Las generaciones futuras tendrán mucha más información sobre este mafioso que sobre sus víctimas, de las que apenas se conocerán breves referencias como telón de fondo para contar las peripecias de ese desgraciado que acabó con miles de vidas.
Escuché con atención las explicaciones que dio Juana Uribe, productora de esta nueva serie sobre narcotráfico. Ella, que sufrió en carne propia las atrocidades de Escobar, asegura que esta producción lo que busca es que la gente tenga consciencia sobre lo que pasó y no tolere que nada de esto pase de nuevo en Colombia.
Me temo que sus buenas intenciones se quedarán solo eso, en intenciones. Es probable que nos ofrezca una excelente producción, pero en el terreno de las enmiendas históricas seguramente no conseguirá su propósito. Esta historia, como muchas otras, seguirá girando en torno a Escobar, al Patrón del Mal, un mito ya empotrado en nuestro imaginario colectivo, un hombre que ha inspirado a más de un matón, traqueto o lavaperros, un ícono que transformó la cultura de toda una generación y dejó sentado que la plata lo puede casi todo.
Para derrotar a los victimarios no es suficiente con matarlos, o encarcelarlos, hay que olvidarlos; esa es tal vez la mayor pena que se les puede infringir, porque detrás de la mayoría de estas mentes perversas hay también un deseo de inmortalidad. Psicópatas, terroristas, mafiosos, dictadores, todos tienen algo en común: un ego desbocado que los lleva a creerse superiores o a inmortalizarse a costa de los cadáveres que acumulan.

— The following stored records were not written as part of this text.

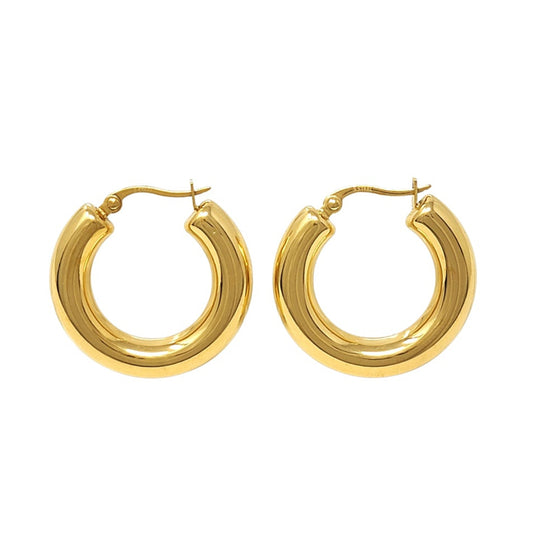 Gold hoop earrings on a white background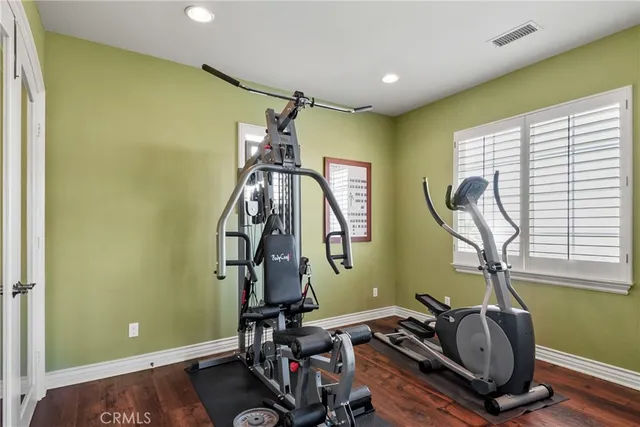 a view of a house with a big yard and a large tree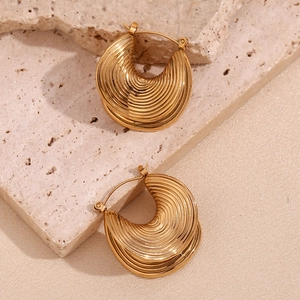 Detailed close-up of gold plated ribbed hoop earrings with a textured surface finish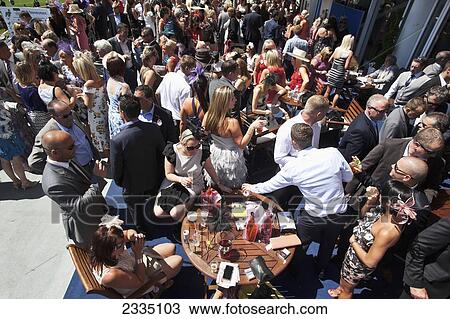 Crowded Bar At Epsom Derby On Lady's Day; London, England, Uk View Large Photo Image Stock Image - Crowded Bar At Epsom Derby On Lady's Day; London, England, Uk. Fotosearch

Reitero que no me gustan las historias contadas desde los victimarios, porque aún condenándolos los consagramos, aún mostrándolos como villanos les damos estatus de protagonistas. Calígula, Nerón, Al Capone o Escobar, no importa cuán malvados hayan sido, todos ellos son mucho más recordados que sus víctimas.
La historia sí se puede contar de otra manera como lo demostró el domingo pasado Diana Uribe en un conmovedor relato de hora y media sobre El Espectador, un medio de comunicación independiente, víctima de persecuciones, cierres, censuras, bombas y asesinatos; se puede contar haciendo que los protagonistas sean las víctimas, mostrando su esfuerzo, su capacidad de resistir, su dolor y su heroísmo.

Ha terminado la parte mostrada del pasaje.